Düşün dünyamızın en özgün kalemlerinden Gündüz Vassaf, ilk romanıyla okur karşısında. Yedi yıl süren bir yazın yolculuğunun sonucunda Vassaf’ın ‘Ressamın İsyanı’ adlı romanı Everest Yayınları tarafından yayımlandı. İnsan olmaya ve insanın ürettiklerine dair sorgulamalarla dolu eser, özünde sanata ve özgürlüğe yazılmış bir aşk mektubu olarak nitelendiriliyor.
Caravaggio’nun peşinde
Vassaf, ünlü ressam Caravaggio’nun hikayesinin peşine düşen kahramanının yolculuğuna ortak ediyor okuru. Başkahramanımız, ‘Azize Lucia’nın Gömülüşü’ resmiyle büyülenir ve kendini Caravaggio’nun hayat hikâyesine kaptırır; ülke ülke, tablo tablo gezerek yanıtların peşine düşer: Biyografisini yazanların ressamın hayatını magazinleştirmesi nedeniyle içinde büyük bir öfke uyanır. Üstelik Caravaggio’nun ölümü de yaşamı gibi büyük bir sır perdesinin arkasındadır: Girdiği düello, İtalya içinde kaçışı, nihayet ortadan kayboluşu… Resmi açıklamalardaki çelişkiler bir şeylerin örtbas edildiğini göstermektedir.

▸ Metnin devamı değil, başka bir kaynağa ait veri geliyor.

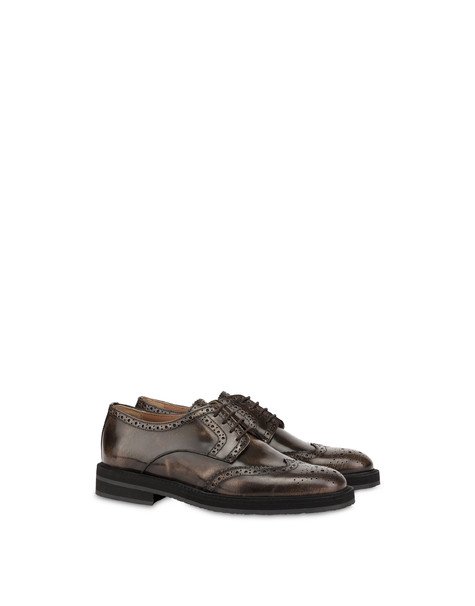 Mannish abraided calfskin derbies FAWN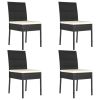 Patio Dining Chairs 4 pcs Poly Rattan Black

Aslında, kahramanımız Caravaggio’nun tabloları üzerinden kendi hayatının izini sürmekte, onun ölümüyle ilgili gizemi tutkuyla çözmeye çalışırken, kendi ölümlülüğünden kaçmanın bir yolunu aramaktadır. Bu esnada Caravaggio’yla kurduğu bağ, yeni bir aşk öznesiyle sınanır: Kanlı canlı bir şekilde karşısında olmasına rağmen, Lara da yüzyıllar önce kaybolan ressam kadar gizemlidir…
Sevgili okur neden mi bu kitabı yazdım?
Gündüz Vassaf kitabın başında okura bir uyarı da yapıyor: “Sevgili okur, işiniz kolay değil. Bir çırpıda okuyup bitiremeyeceğiniz bu uzunca roman yedi yılda yazıldı. Niyetliyseniz ricam, demlenerek okunması. İnanç sahibiyseniz, ola ki alınacak olursanız; ideolojinize, cinsel kimliğinize, tarihinize sıkı sıkı bağlıysanız, türümüzün sorgulanmasından kaçınıyorsanız endişelenmeyin! ‘Ressamın İsyanı’, aitliklerinizin korunmasına aşı olur.

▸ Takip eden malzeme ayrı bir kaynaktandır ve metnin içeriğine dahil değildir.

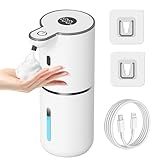 OHIFAST Automatic Foaming Soap Dispenser Touchless, USB Rechargeable Smart Hand Soap Dispenser, 6-Level Adjustable, 12.8oz/380mL Wall Mounted for Bathroom Kitchen Dish Soap-White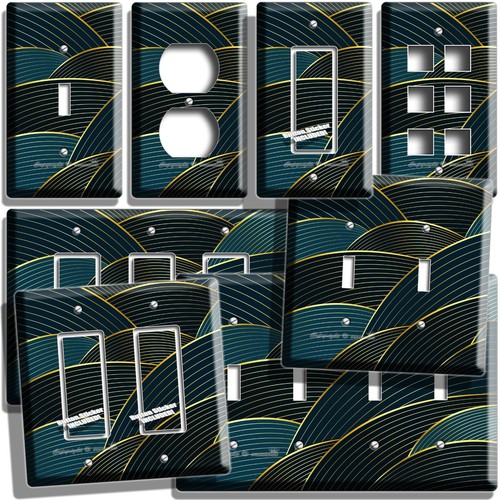 Blue waves art deco - art, stile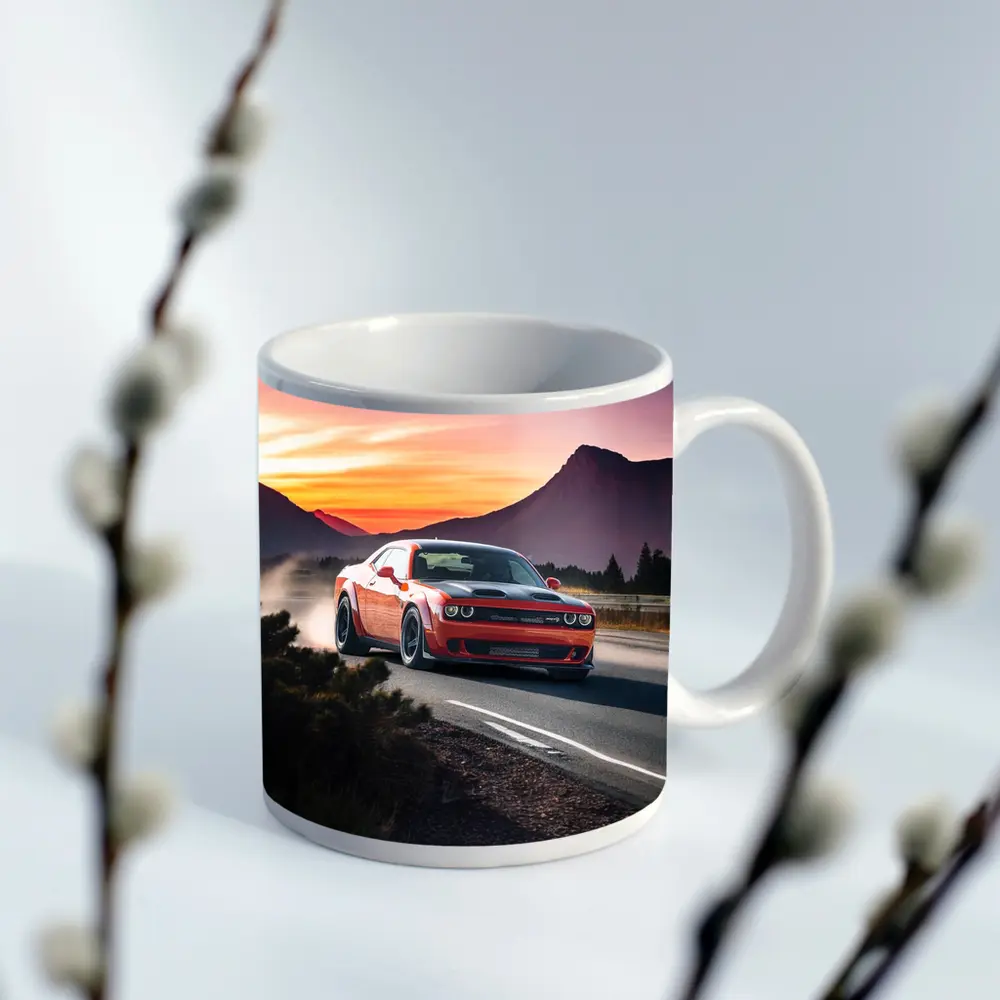 Dodge Challenger Red Car Mountain Sunset Road – Mugs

İnanmamaya inanıyor, yazdıkça yaşıyor, yaşadıkça yazıyorum desem de bana da inanmayın. Zor. Neden mi bu kitabı yazdım? Derdim, günüme teslim olmadan yaşamı kucaklayabilmek. Yolunuz, yolumuz açık olsun.”
‘Ressamın İsyanı’ kitabından tadımlık bir bölüm sunuyoruz:
BEN GELDİM
Caravaggio’ya bakıyorum.
Fark etmez hangi resmi,
Caravaggio’ya bakıp Caravaggio’yu yazıyorum.
Kilisede, müzede, evde.
Yazdıklarım kendimden hesap sormamın vesilesi.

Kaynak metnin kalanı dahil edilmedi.